Blog

Why we tested AWS Graviton4 for Aerospike

AWS Graviton4-based I8g instances offer significant advantages for AdTech workloads, including 6X throughput and improved latency.

March 19, 2025 | 7 min read

Taylor Vesely

Principal Performance and Reliability Engineer

Aerospike customers run high-performance, real-time applications where both ultra-low latency and high throughput are mission-critical. In AdTech, milliseconds determine whether an ad is placed and directly impacts revenue. In fraud detection, a delayed decision can be the gateway for fraudulent transactions.

Many customers currently use AWS Graviton2-based Amazon EC2 I4g instances, which provide strong price performance for these workloads. With the launch of AWS Graviton4-based Amazon EC2 I8g instances, AWS introduces new storage-optimized EC2 instances I8g featuring third-generation AWS Nitro SSDs for even better performance.

We tested these two instances to evaluate whether these upgrades translate into real-world benefits, focusing on throughput, latency, and SLA compliance under real-time AdTech workloads.

How we tested: Real-world AdTech workloads

To evaluate the performance of AWS Graviton4-based Amazon EC2 I8g instances against AWS Graviton2-based Amazon EC2 I4g instances, we designed a workload that mirrors real-world AdTech demands, focusing on ultra-low latency, high availability, scalability, and cost efficiency.
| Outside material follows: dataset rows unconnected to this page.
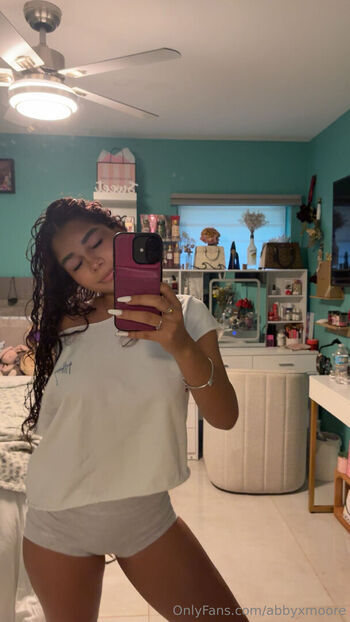 Full leaked Zoe hernan private onlyfans photo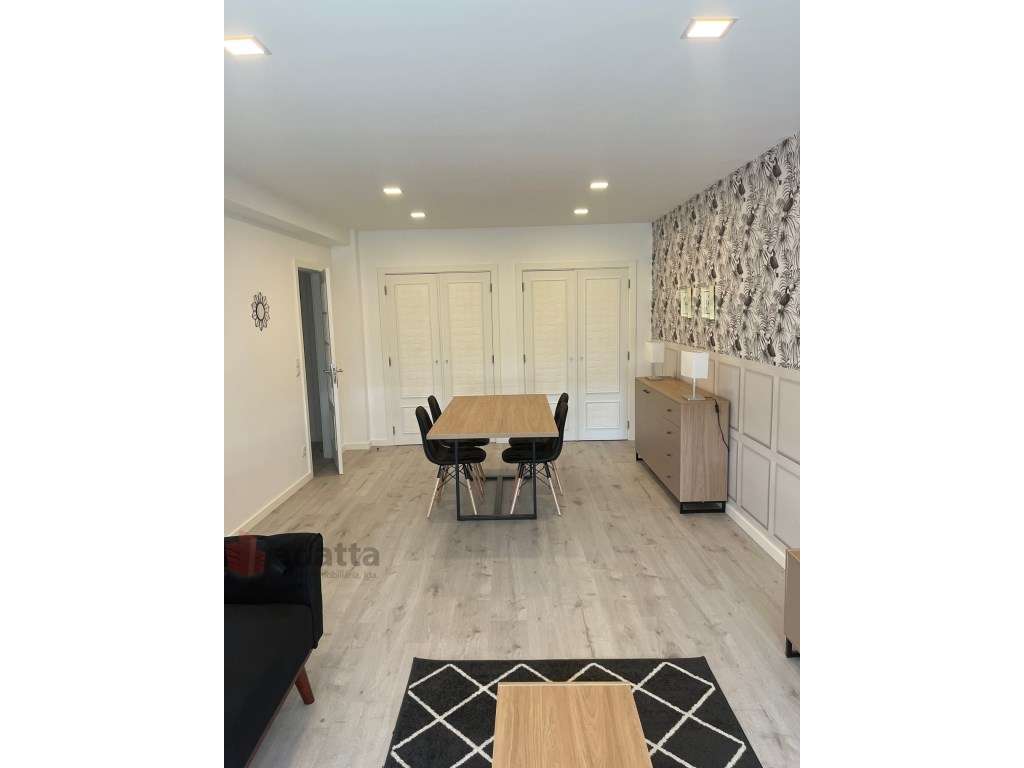 T1 Mobilado e Equipado com Ampla Varanda - Junto à Rua do Brasil e ... - Grande imagem: 3/20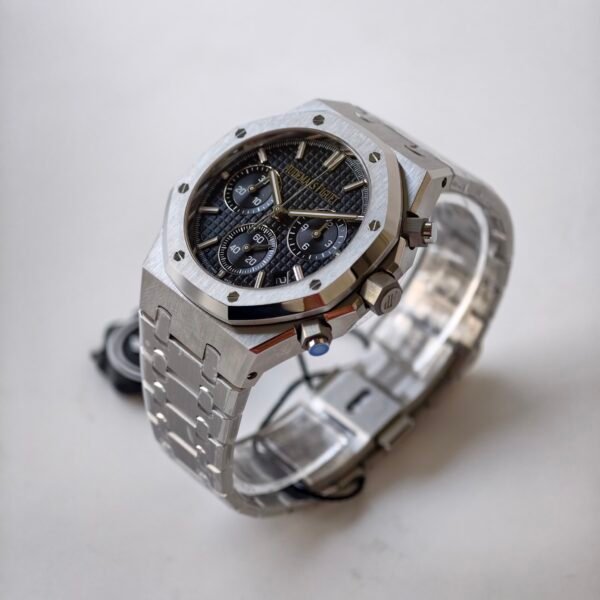 Audemars Piguet  ROYAL OAK 26240ST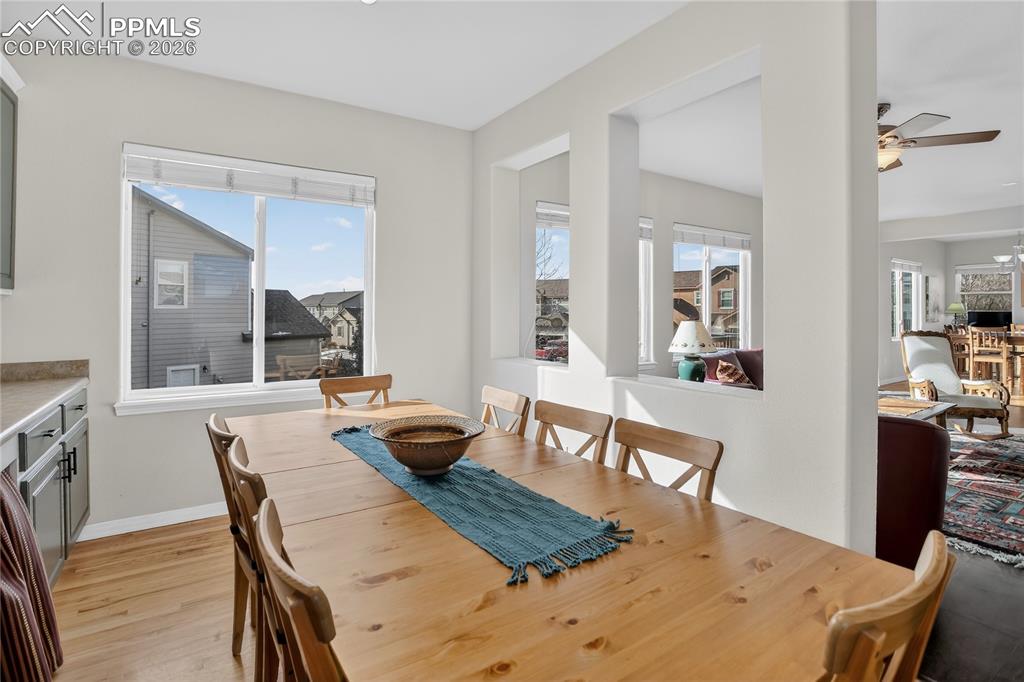 Image 18 of 49: Dining Area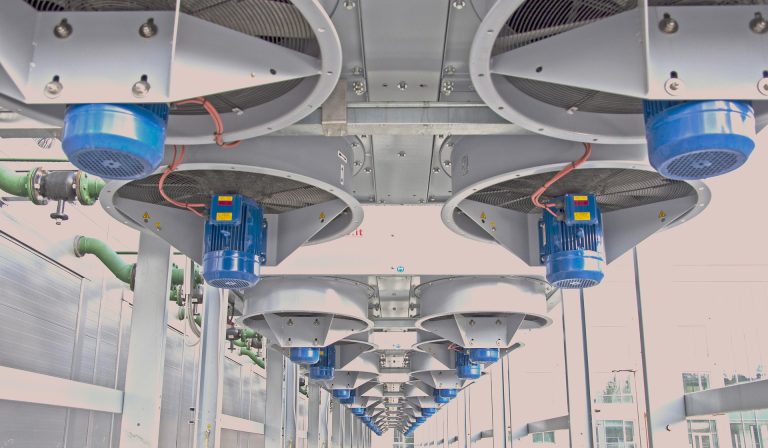 data-center-2927337_1920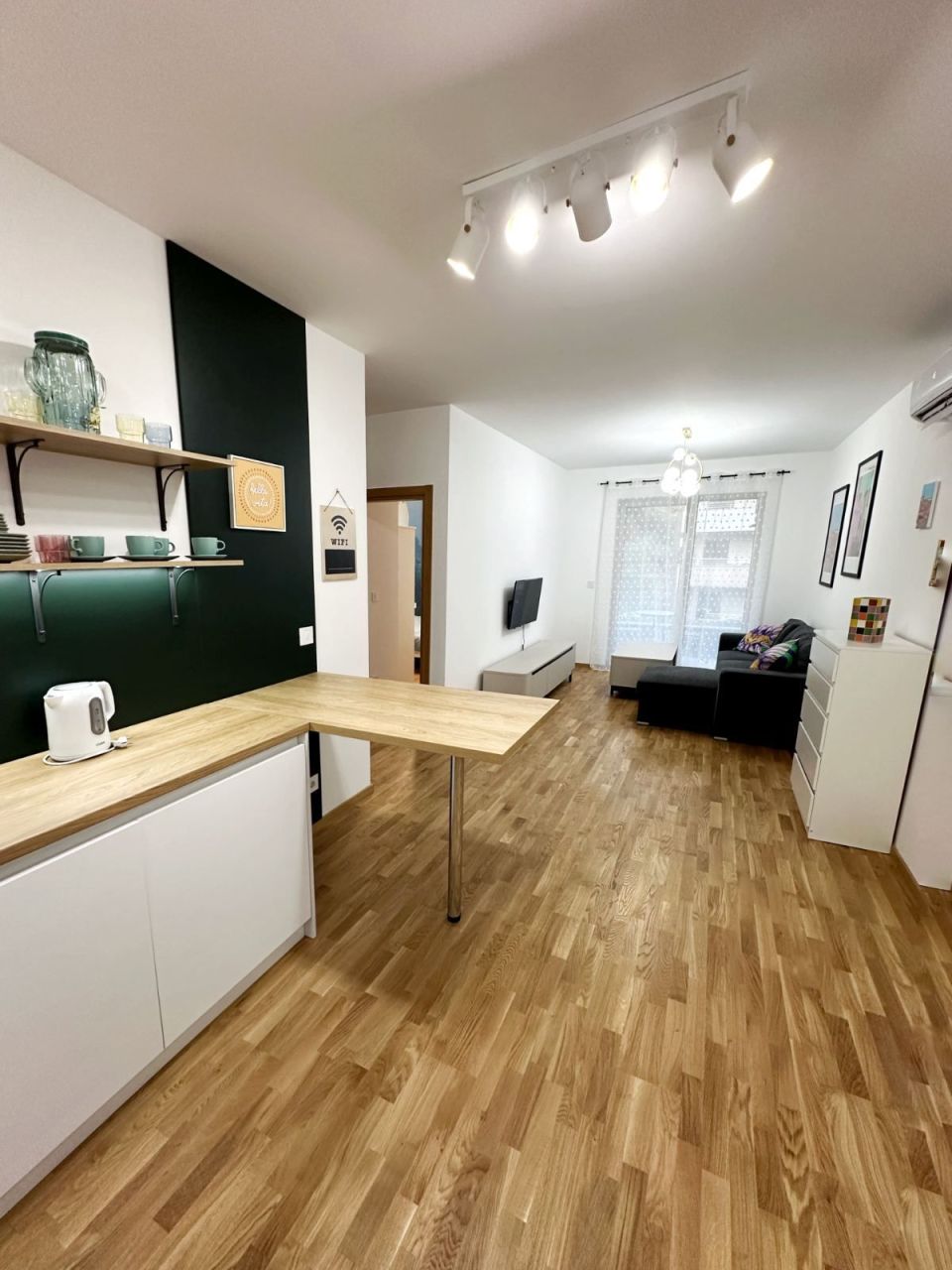 Апартаменты в Бечичи, Черногория, 55 м² - фото 1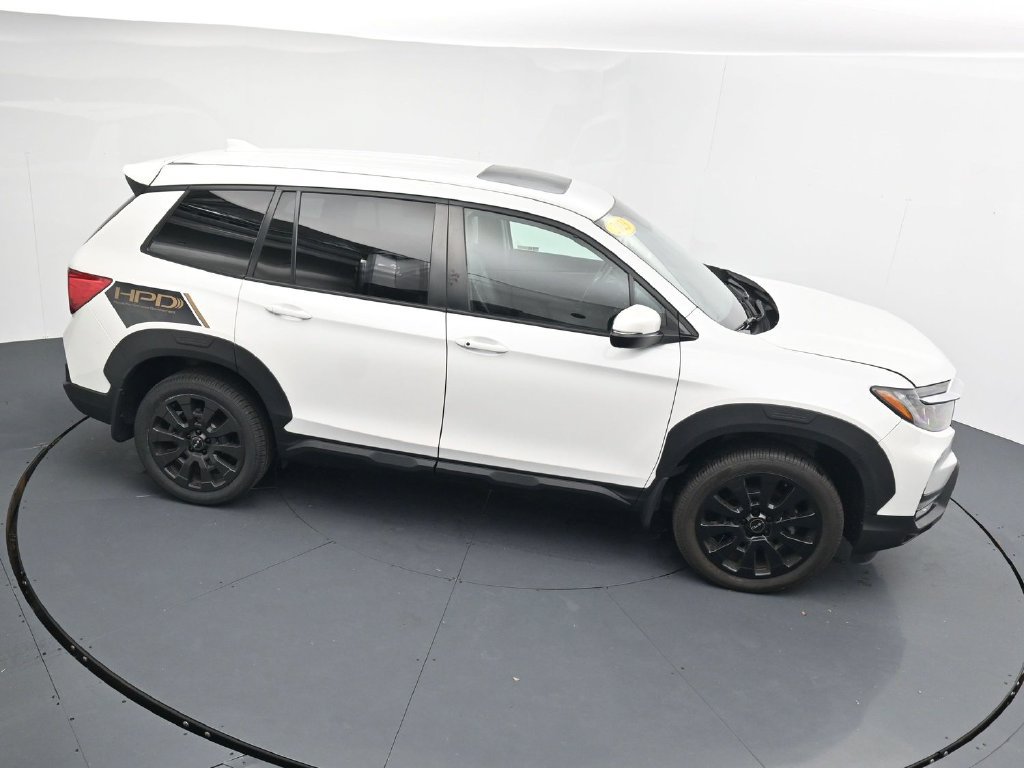 Used 2023 Honda Passport EX-L image 32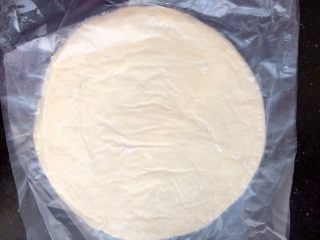 3、火腿鸡蛋生菜卷饼,饼胚不用提前解冻,从冰箱拿出来就可以直接加热啦,不用和面团,真的好方便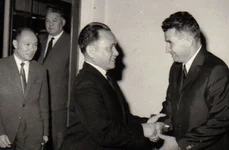 Delegație vietnameză, condusă de vicepremierul Le Thanh Nghi, în vizită în România (©  „Fototeca online a comunismului românesc”, cota: 441/1966) 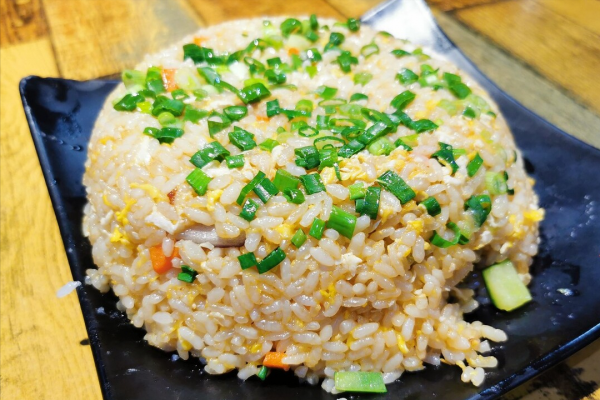 蛋炒飯,先炒米飯還是雞蛋?廚師長分享正確做法,金黃油亮粒粒香 蛋炒飯,先炒米飯還是雞蛋?廚師長分享正確做法,金黃油亮粒粒香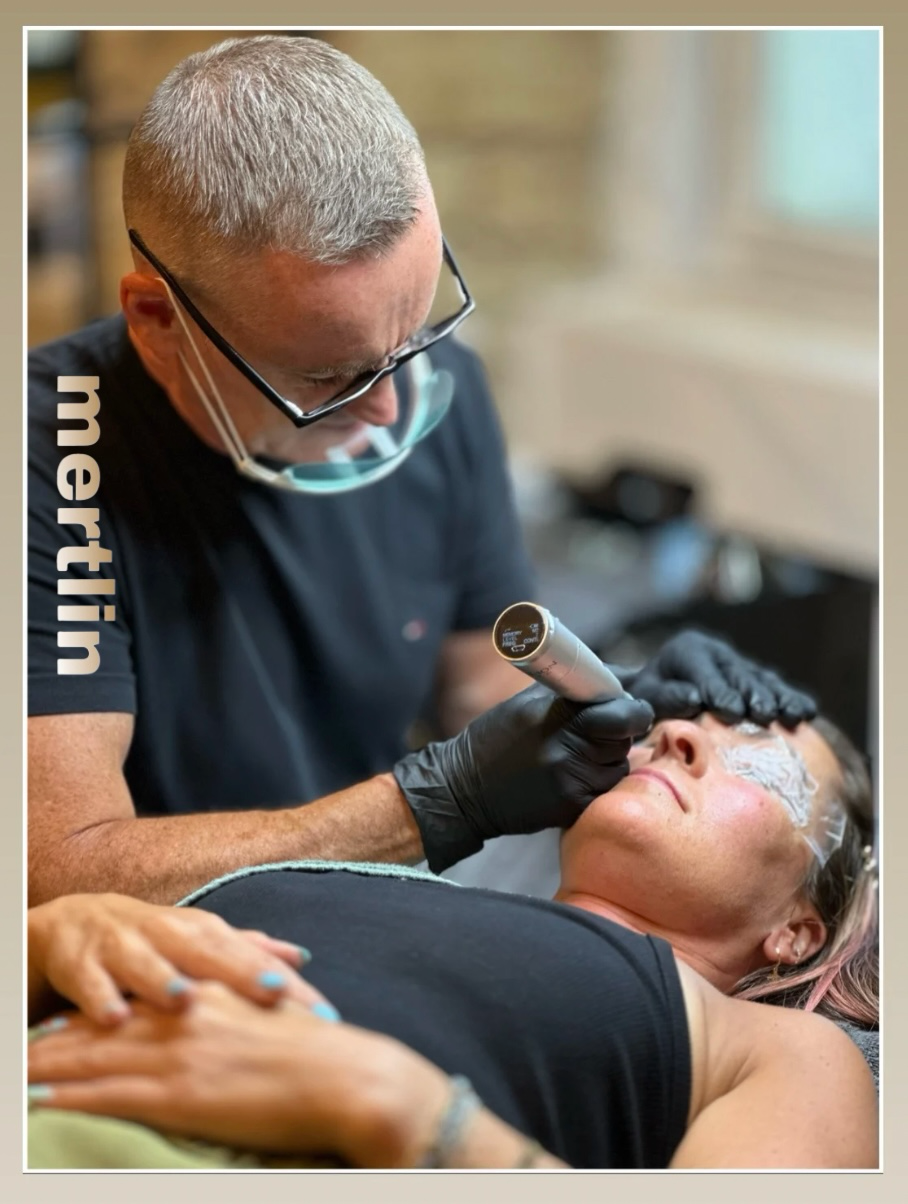 Jan Měrtl performing a beauty treatment on a client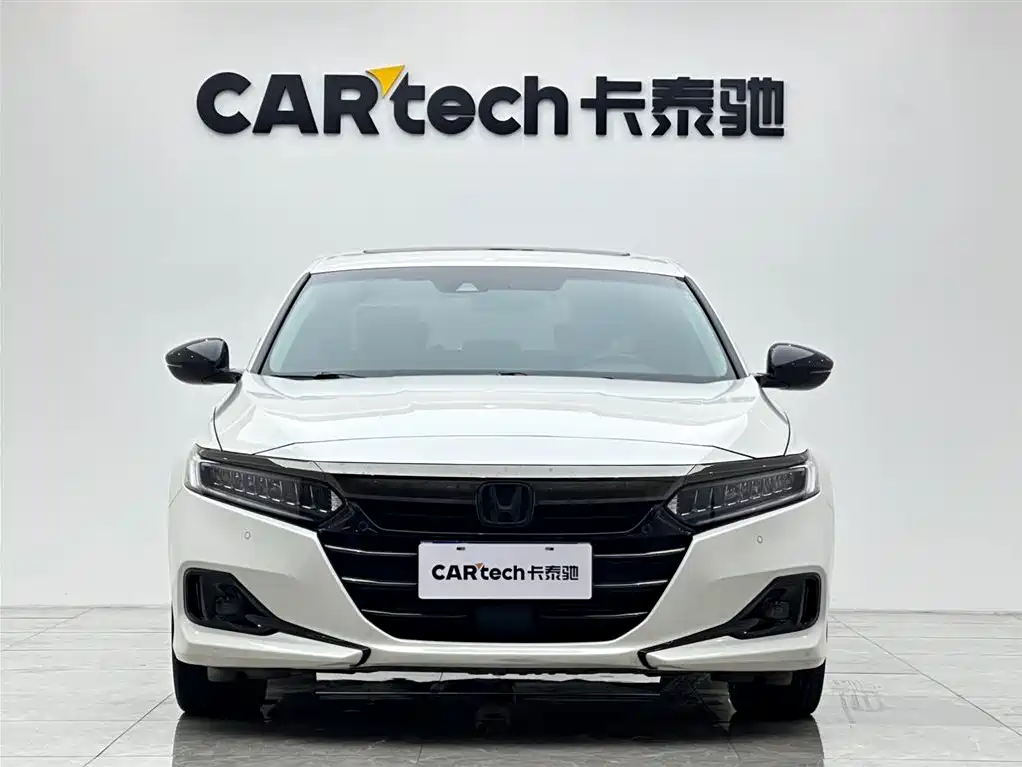 Honda Accord 2022 — фото 7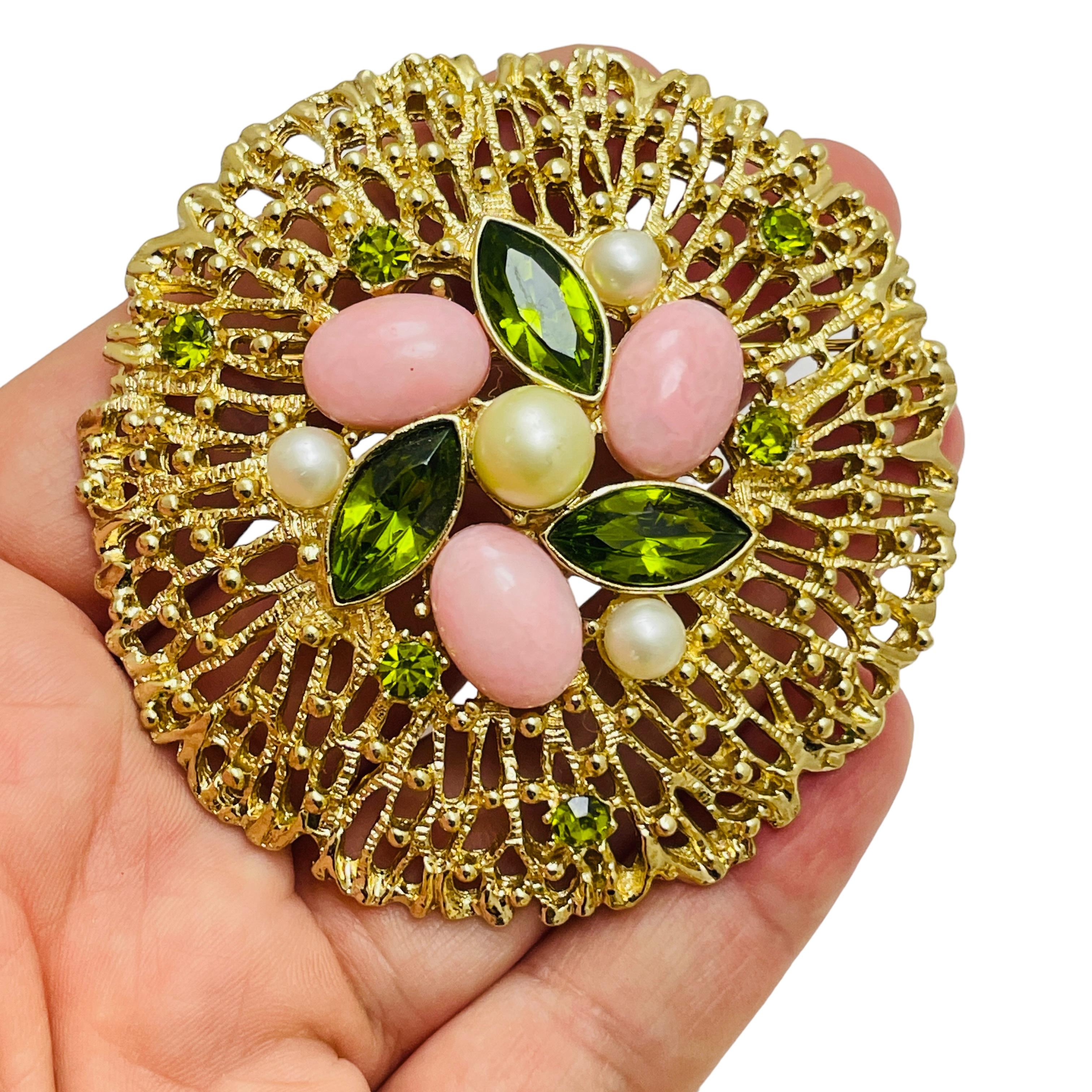 Women's Vintage SARAH COVENTRY signed gold tone rhinestone pearl designer brooch For Sale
Test workloads and storage models

We benchmarked two distinct datasets running concurrently, simulating how AdTech platforms operate under production conditions.

User profile database (80/20 read/write): Stored both indexes and data entirely on Flash (SSDs) for low-latency, high-volume reads.
Campaign database (50/50 read/write): Stored using Hybrid Memory Architecture (HMA)—indexes in DRAM, data on Flash—to optimize read/write balance.

Cluster and test setup

Infrastructure: 9-node Aerospike clusters of each type with 16 load-generation servers.
Replication factor: 2 (ensuring high availability). Note: RF2 is a standard practice for Aerospike.
Compression: Lz4 (4:1 ratio) to reduce storage requirements.
Latency SLA constraints:
- Reads: P99.9 under 1.0ms
- Writes: P99.9 under 2.0ms
The goal: Measure maximum sustainable TPS before violating these SLAs.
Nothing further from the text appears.